İsraf kelimesi Arapçadan dilimize girmiş olduğu gibi, halihazırda kullandığımız bir kelimedir. Yemek, içmek, giymek, gibi hayatımızın her aşamasında sınırı aşmamak ve ölçülü olmak esastır. Bunun dışında insanın yaptığı işlerde sınırı aşması, ihtiyaçtan fazla tüketmesi, dengesiz harcama yapıp, saçıp savurmasına israf denir.

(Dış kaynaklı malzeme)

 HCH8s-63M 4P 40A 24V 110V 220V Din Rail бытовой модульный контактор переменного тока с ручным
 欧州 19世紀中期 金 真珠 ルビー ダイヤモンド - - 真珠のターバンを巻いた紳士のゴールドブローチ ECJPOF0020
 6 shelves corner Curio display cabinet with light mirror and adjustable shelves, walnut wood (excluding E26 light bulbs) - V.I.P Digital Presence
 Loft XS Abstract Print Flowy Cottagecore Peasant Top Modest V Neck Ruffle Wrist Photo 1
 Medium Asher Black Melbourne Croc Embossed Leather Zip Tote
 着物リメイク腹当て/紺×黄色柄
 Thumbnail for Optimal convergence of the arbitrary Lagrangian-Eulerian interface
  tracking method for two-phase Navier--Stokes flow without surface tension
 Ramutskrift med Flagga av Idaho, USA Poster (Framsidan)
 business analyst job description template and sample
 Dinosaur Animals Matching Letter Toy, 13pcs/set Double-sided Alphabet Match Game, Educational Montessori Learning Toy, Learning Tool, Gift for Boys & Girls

Dinimiz, israfa koyduğu yasakla, dengeli olmayı, orta yollu olmayı emretmiştir. Çünkü yaptıklarında sınırı aşana aşırılık yapana, dengesiz harcama yapana müsrif denir. Allahın emri, insanın yaptığı bütün işlerde ve fiillerde insanın iktisatlı olmasıdır. Aksi halde ahlaki prensiplerin özünü oluşturan denge prensibi bozulur. Allah yeryüzündeki nimetlerini dengeli bir şekilde göndermiştir. İsraf edenler yeryüzündeki dengeyi bozmaktadır. Yeryüzünde milyonlarca insan açlıkta ölürken, milyonlarcası da müsriflik içinde yüzmektedir. Yapılan araştırmaların sonucu hayli ürkütücüdür. İnsanoğlunun günlük yaşamında yapılan birçok israf çeşidi artık normal görülmeye başlamıştır. Lüzumsuz çalışan her türlü teknolojik ürün, gereğinden fazla yanan lambalar, birer defa çizip attığımız kağıtlar, çeşitli oyunlar karşısında harcadığımız saatler, fazladan alınıp modası geçti diye giymediğimiz kıyafetler hepsi israfın boyutunu göstermektedir.

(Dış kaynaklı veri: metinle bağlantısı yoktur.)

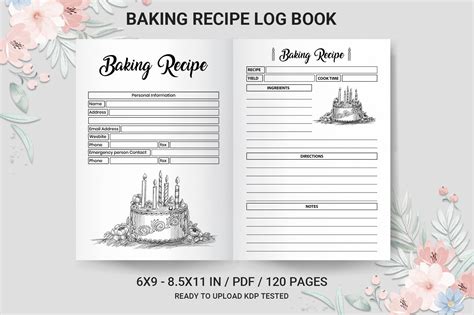 Baking Recipe Log Book Kdp Interior Graphic By Skdesignhub Creative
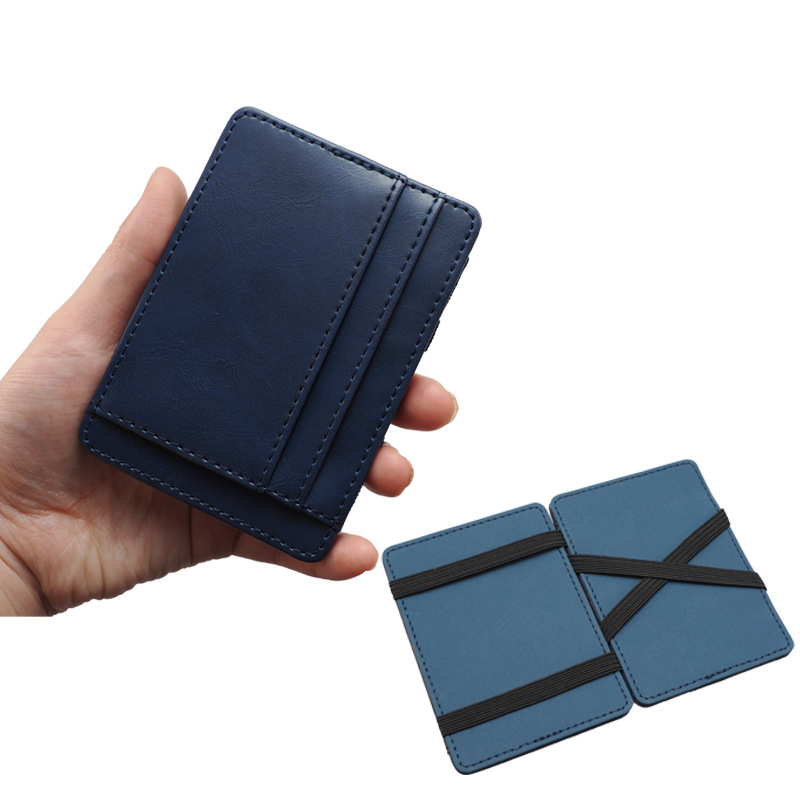 Картодържател портмоне със ластик – PU кожа, подплата от синтетична кожа, унисекс, стил за пътуване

FAO[Birleşmiş Milletler Gıda ve Tarım Örgütü] verilerine göre dünyada üretilen her 3 gıdadan biri yenmeden çöpe gidiyor. Toplamda 1 milyar 300 milyon ton gıda israf edilmektedir. Bu gıdayla dünyada açlık çeken 1 milyar insanın karnını doyurmak mümkündür.
ABD de üretilen gıdaların neredeyse yarıya yakını hiç tüketilmeden çöpe gitmektedir.
Avrupa’da her yıl 100 milyon ton yemek çöpe gitmektedir.
Tarlalarda ekilen ürünlerin % 28’i tüketilemeden çöpe gitmektedir.
Hele ki, Dünya’daki tarlaları sulama yöntemi olan, vahşi sulamayla israf edilen su miktarı ile 9 milyon insanın günlük su ihtiyacını karşılamak mümkündür.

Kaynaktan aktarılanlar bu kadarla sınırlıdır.